Now GPT LLM boosters, at this point, begin talking frantically about RAG, RLHF, prompt engineering, data curation, feedback loops, careful data chunking and indexing, embedding optimization, hybrid search and reranking, supervised fine-tuning training from high-quality and human-curated examples, human reward modeling, proximal policy optimization, continuous feedback loops, custom base prompts, context injection, dynamic prompt templates, semantic chunking, metadata tagging, regular content updates, fine-tuning models on domain-specific data, and so on.

These are patches, not solutions.

Relying on software to mimic a typical internet poster never works for good writers.

If you write well, AI output can never be better than just a very rough draft. You really then do need to “let the hate flow through you. Delete whatever drivel it wrote and write something better, because you can definitely improve on that…”
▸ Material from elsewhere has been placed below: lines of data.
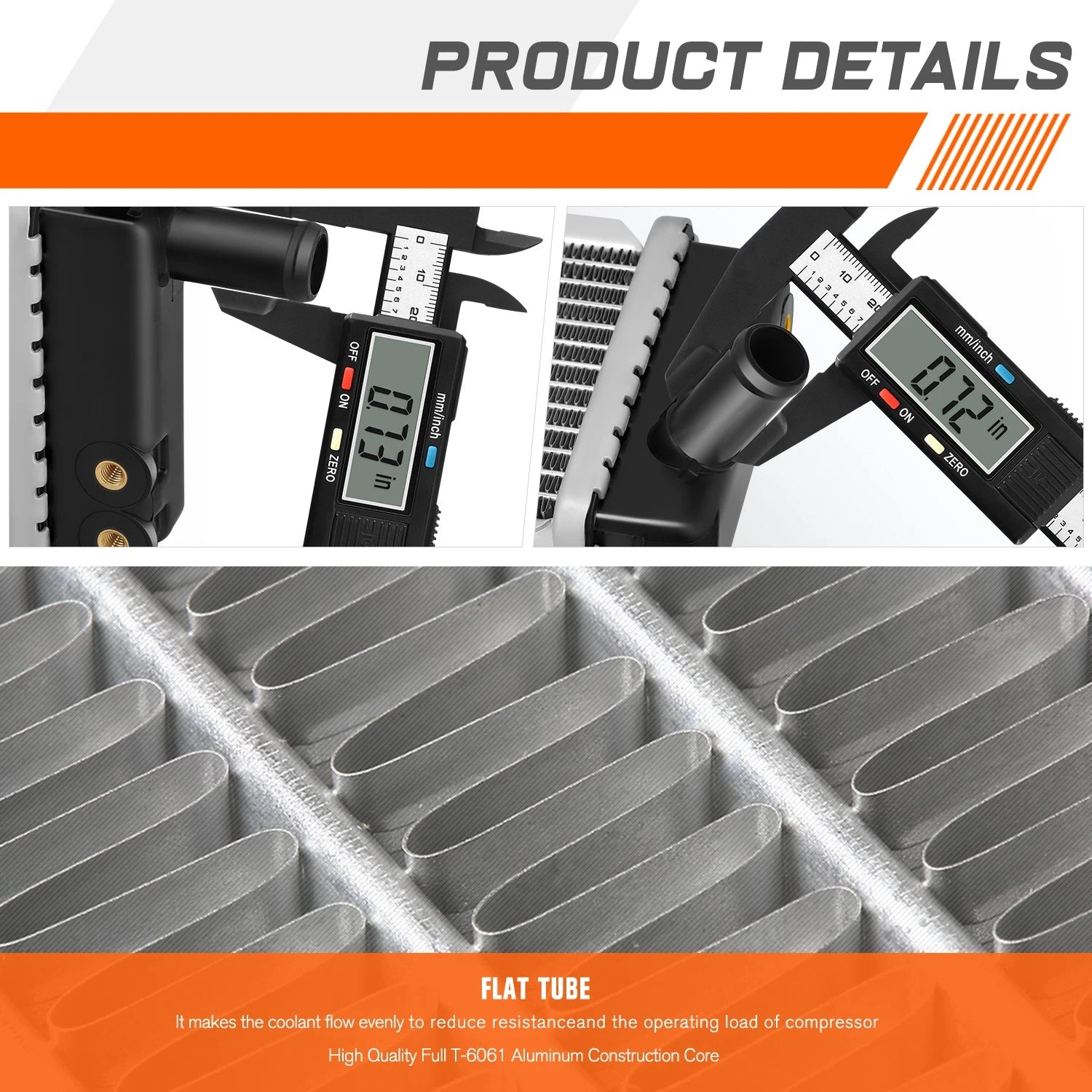 Full Aluminum Core Inverter Cooler Radiator for Lexus HS250H (2010–2012) DPI-13138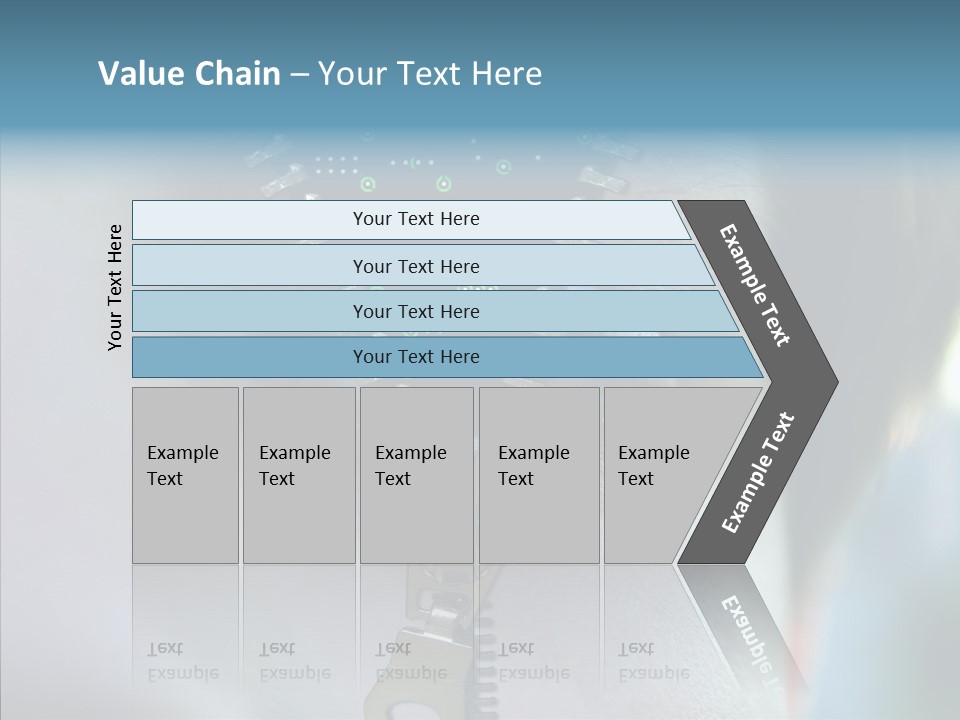 Man Advertisement Metaphorical PowerPoint Template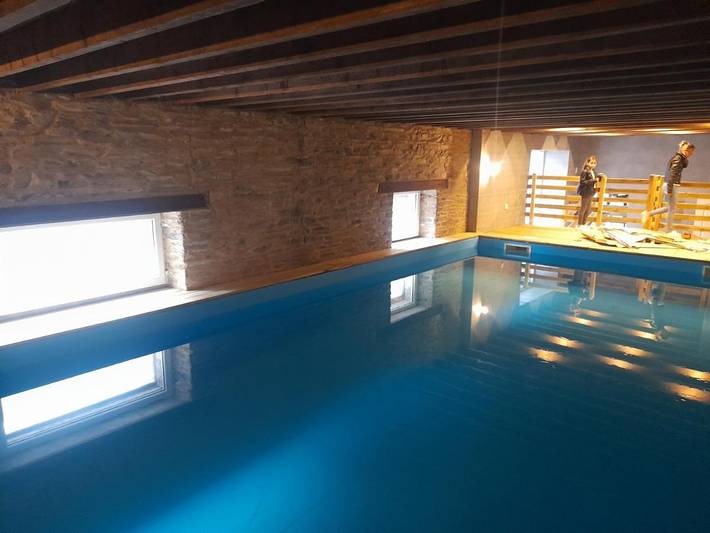 Location de vacances pour 15 personnes, avec piscine ainsi que terrasse et vue à Condé-sur-Noireau - 3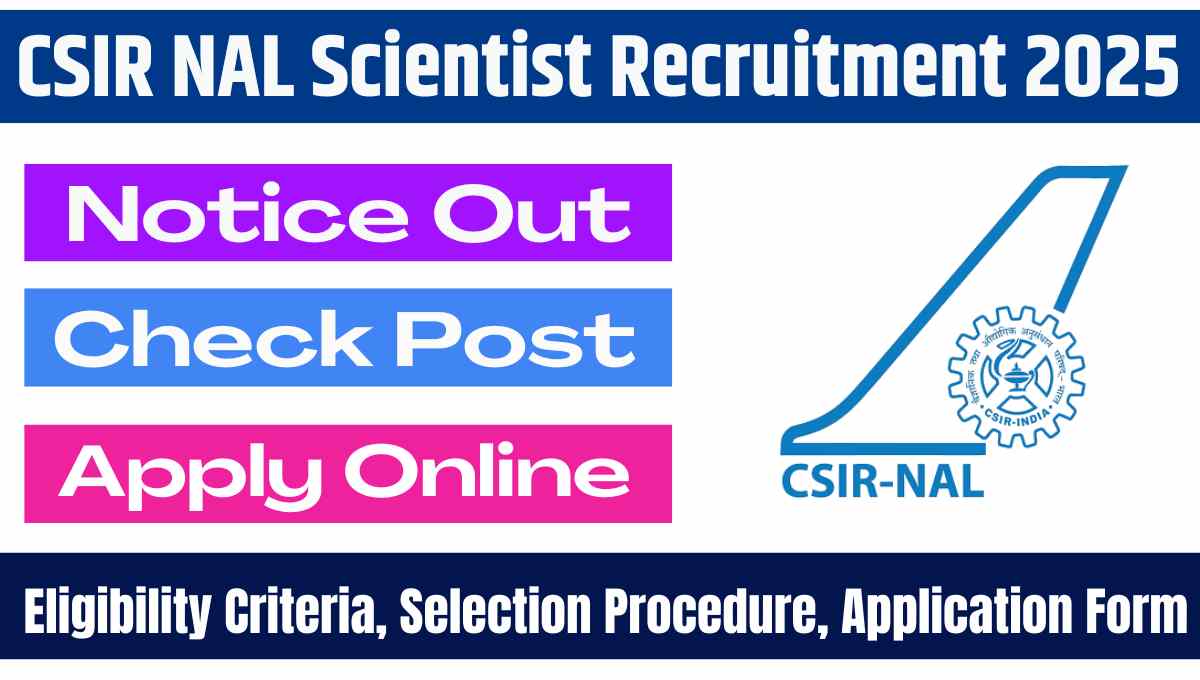 CSIR NAL Scientist Recruitment 2025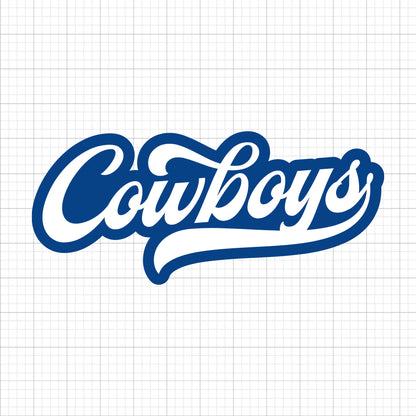 Cowboys SVG Saying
Of course, if your writing is currently worse than that of the TIS—or if you have to write in a language in which you are not fluent—AI can really help. ChatGPT and Claude can then produce text that can be clearer and less embarrassing. For weak writers, AI does powerfully lift the floor. And I see this as a very good thing, this democratization of the power to write serviceable prose.

But the ceiling is relatively low. Especially in the eyes of people like me who so often read something and think: “Why didn’t they take just a little more time and express that better? It really is not very hard at all…”

So: self-knowledge is a good place to start.

And so here we have found another example of how new infotech can really be a cognitive force multiplier, but only if you can first start from a true picture of your own mind, and of its strengths and weaknesses.